Roads become worse and we start into the countryside, and eventually, of the dozens of people we hailed down asking where to go, the cab driver asks an old man on an ancient bicycle with two milk cans astride the seat like saddlebags:

Driver: Can you tell me where Camel Souk Street is?
Man: Not here. That’s in Imbaba.
Driver: Thank you.
Man: (turns and look at us) Yes. But there is a camel market in Birqash. Right?

I could have hit him. The entire time we were in the cab he kept insisting that we foreigners were out of our minds and that there wasn’t anything called Birqash and what did we know? I could have killed him. The old man pointed the way after debating it with fat man in a galabiyya that came to see what was going on. We were off.

We didn’t get there for another hour. The countryside opened up into clean, bright greens coming out of the mist, silhouettes of giant date palms, and the cool, crisp air of morning.
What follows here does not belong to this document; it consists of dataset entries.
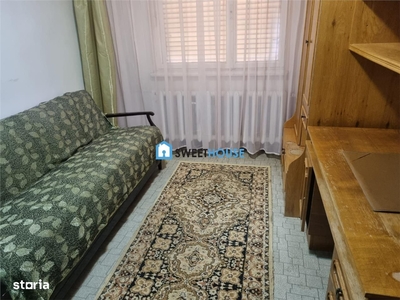 Apartament cu trei camere zona Titu Pertia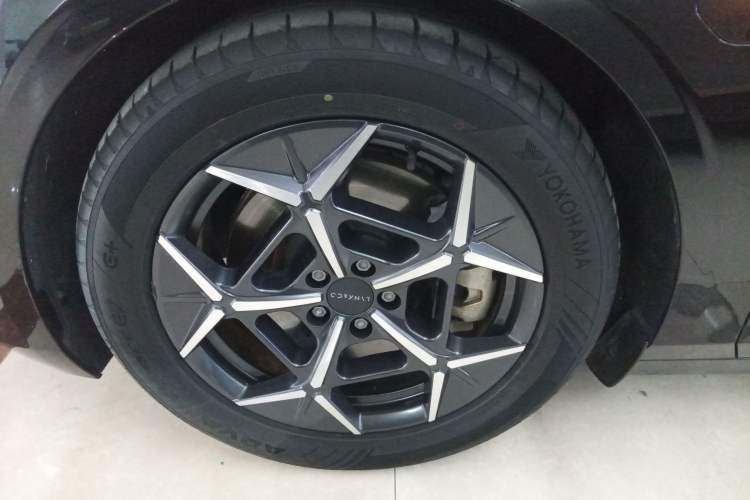 Used Lynk & Co Z10 2025 71 kWh 602 km Range Rear-Wheel Drive Pro
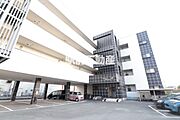  築16年11ヶ月 4階建の賃貸物件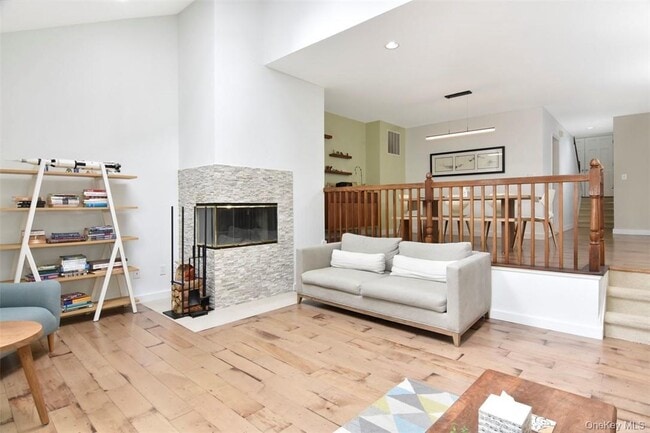Building Photo - 63 Sunnyside Pl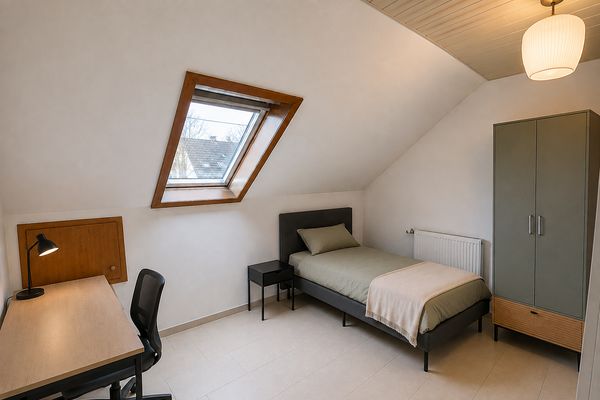Umeblowany pokój w mieszkaniu współdzielonym w Dortmundzie – mieszkanie dla 3 osób | 420 € całkowitego czynszu | dla studentów i osób pracujących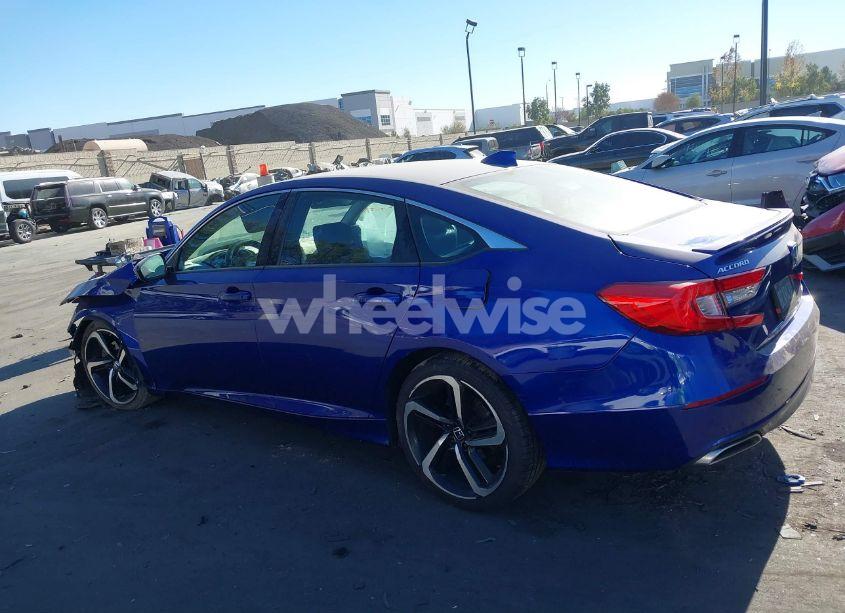 Photo 15 of 2018 Honda Accord SPORT (VIN 1HGCV1F31JA099379)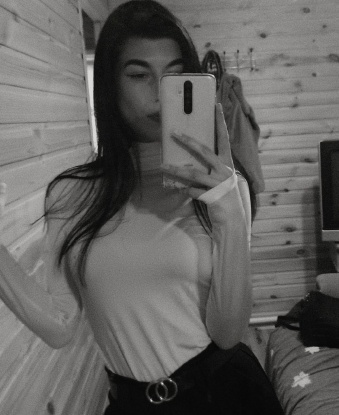 Очаровательная и нежная леди желает познакомиться с уверенным в себе мужчиной для приятного времяпровождения и незабываемых впечатлений. Ответственность и конфиденциальность гарантирую. Звони, не пожалеешь! 2222, 22 года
Something, Tom noted, felt cleaner. Rows and rows of cabbage, canals and reed huts. Old women cutting down weeds on the canal banks. Fallen sycamores on the banks with bright white blossoms that, as we got closer, revealed themselves to be sleeping egrets. It was idyllic.
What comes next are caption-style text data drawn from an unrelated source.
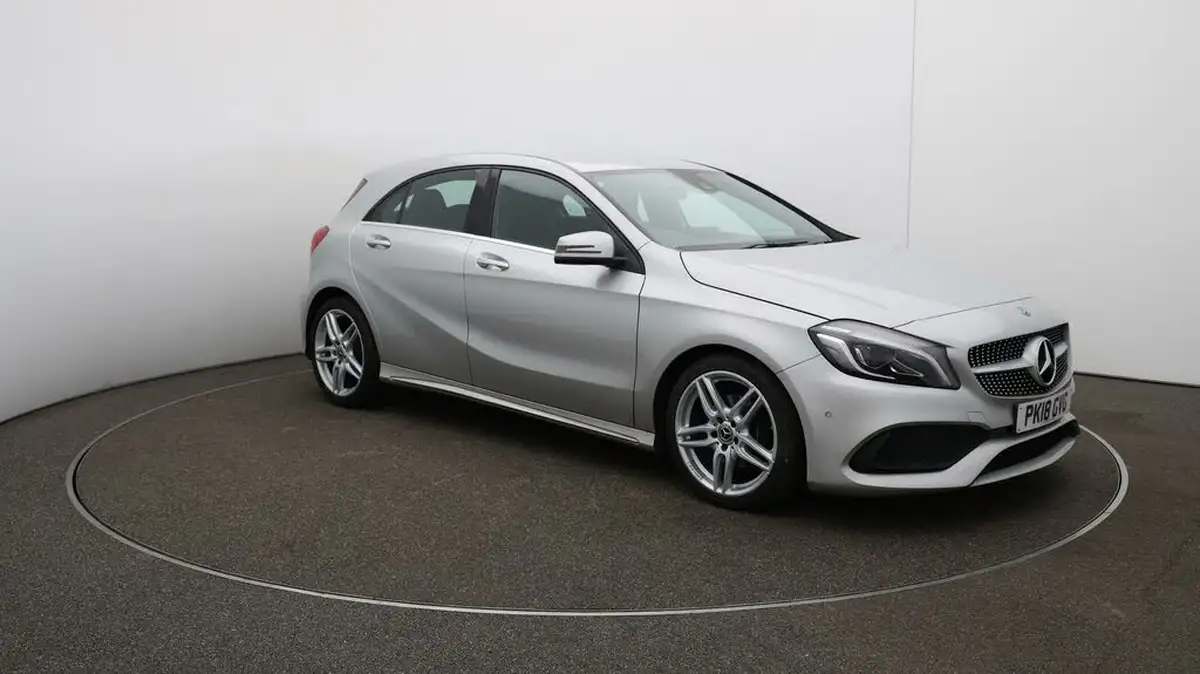 2018-mercedes-benz-a-class-16-a180-amg-line-premiumss-big-33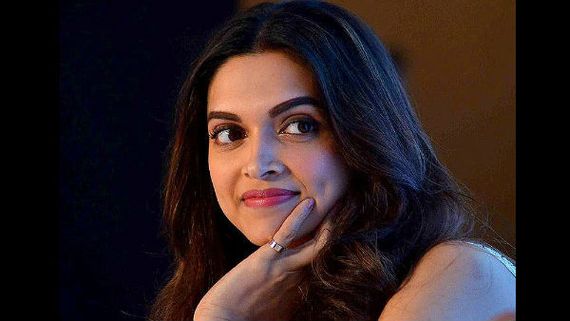 OUCH! Netizens ROAST Deepika Padukone Over Her 'Repeat After Me' Posts, Support Kangana Ranaut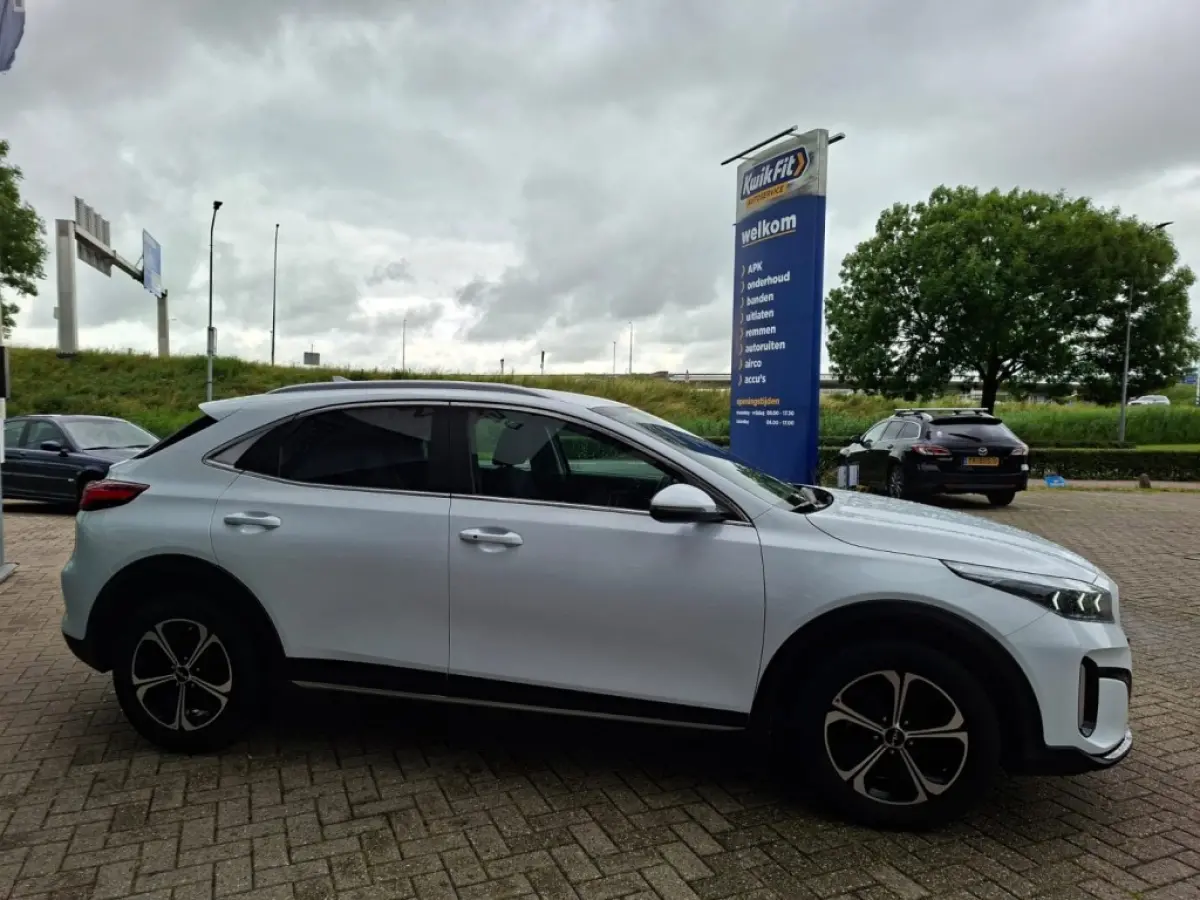 1.6 GDI PHEV DYNLINE AIRCO LMV PDC-CAMERA NAVI.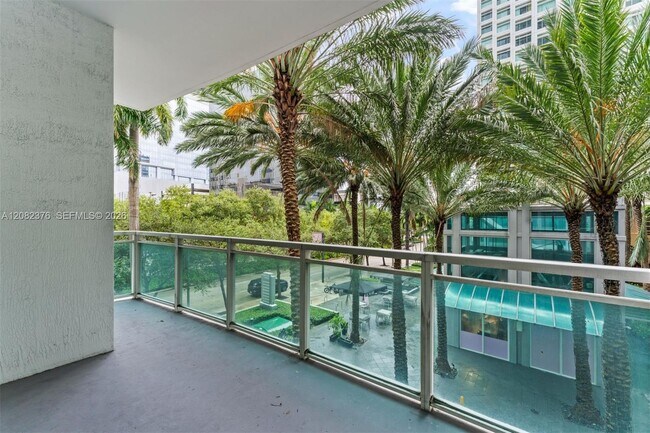 Building Photo - 951 Brickell Ave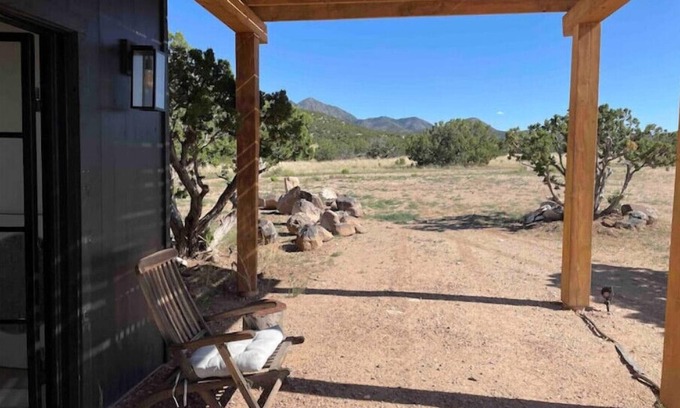 Cerrillos House | Off The Grid Celestial Paradise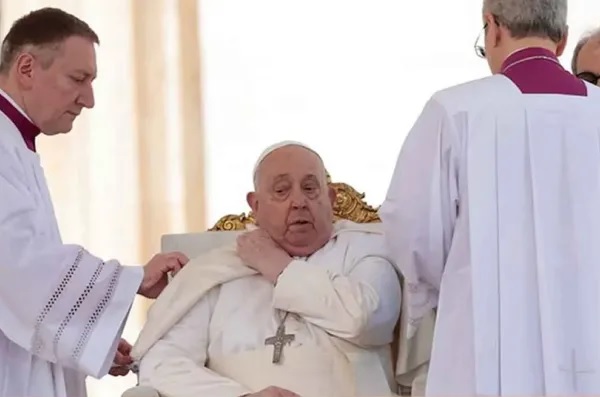 Salud del Papa: presenta una “mejoría consolidada” y continúa estable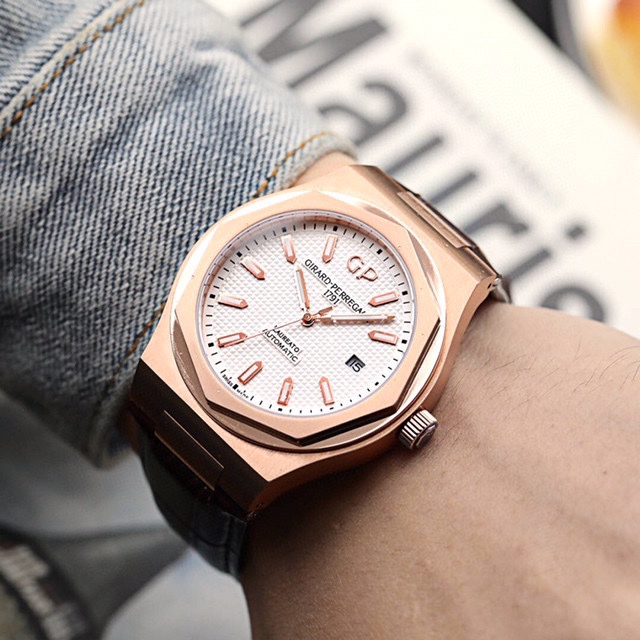 Girard Perregaux 42X10.8mm 36 (2)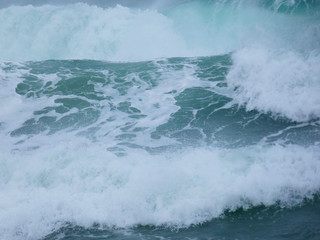 Olas llegando con fuerza a la costa, debido a una tormenta.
We did pass our share of garbage. We pulled through half-finished villages and rotting bridges, hills of smoking waste, and rivers of green sludge. At one point we passed a wrecked minibus and car, totalled on the side of the road. A man with his head wrapped in a white cloth and in a green galabiyya sat perched cross-legged on the truck of the car, a rifle across his lap. He pointed toward the village of Birqash, and we bumped along.

Finally, we arrived.

Entrance to the market is a cool twenty pounds; the men at the gate were nice enough not to charge us for the cameras (everything is a money making enterprise here, it seems).P1012064_2

According to a number of drovers (seems to be the appropriate word), there are anywhere between four to seven thousand camels on any given day in the market; most come up from the Sudan and Somalia, where they’re held in quarantine for three days, before being put on trucks in Aswan and driven north to Birqash. Specific herds are marked with a series of symbols and numbers and colors to indicate their owners, and once in the market, drovers tie one on their front legs to the back leg of another camel to keep them from running, though they still manage to elude their owners with a sometimes surprising grace.
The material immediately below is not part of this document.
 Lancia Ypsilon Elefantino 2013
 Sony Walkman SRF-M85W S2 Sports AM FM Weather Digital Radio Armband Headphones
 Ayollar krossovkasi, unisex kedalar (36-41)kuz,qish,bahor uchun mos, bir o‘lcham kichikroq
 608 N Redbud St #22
What does a good camel cost? What is a good camel, anyway?

Good camels, according to one man, are defined by their teeth; the prevailing mentality (as I asked a few random men) being that teeth are one of the only thing that you can’t change — big teeth indicate a big camel. Most of the beasts here are rather emaciated from their journey, and once bought, their new owners nurse them back to health. Aesthetics are not a part of the decision.

P1012056I should also point out the remarkable amount of cruelty that goes down in the market. Camels are beaten with cane poles by their drovers to stay in their circles and keep them in line. When a camel is brought up for auction, its cheeks are hit with the same poles so it will growl and reveal its teeth. Some have blood in their eyes. Not for the faint of heart.

Most of the “ships” (Exupery’s term) bought here are used for conventional purposes; no Orientalists mounting desert expeditions. The first remark out of anyone’s mouth as to their uses is simple: “For the butcher.” Camel is a relatively inexpensive, if chewy meat (imagine a buttery version of horse). However, most of the exchange is similar to real estate: drovers swapping bargains off one another, fixing them up, and re-selling them to others.

A bargain goes down. They were shouting at each other like no one's business.

A bargain goes down. They were shouting at each other like no one's business.

Not only have I never seen so many camels, but I’ve never seen so many galabiyyas. De rigeur, really.

Ride back was considerably shorter (driver actually knew where he was going). John and I grabbed a tamiyya, and all parties went back to bed, where we collapsed from joy and exhaustion both.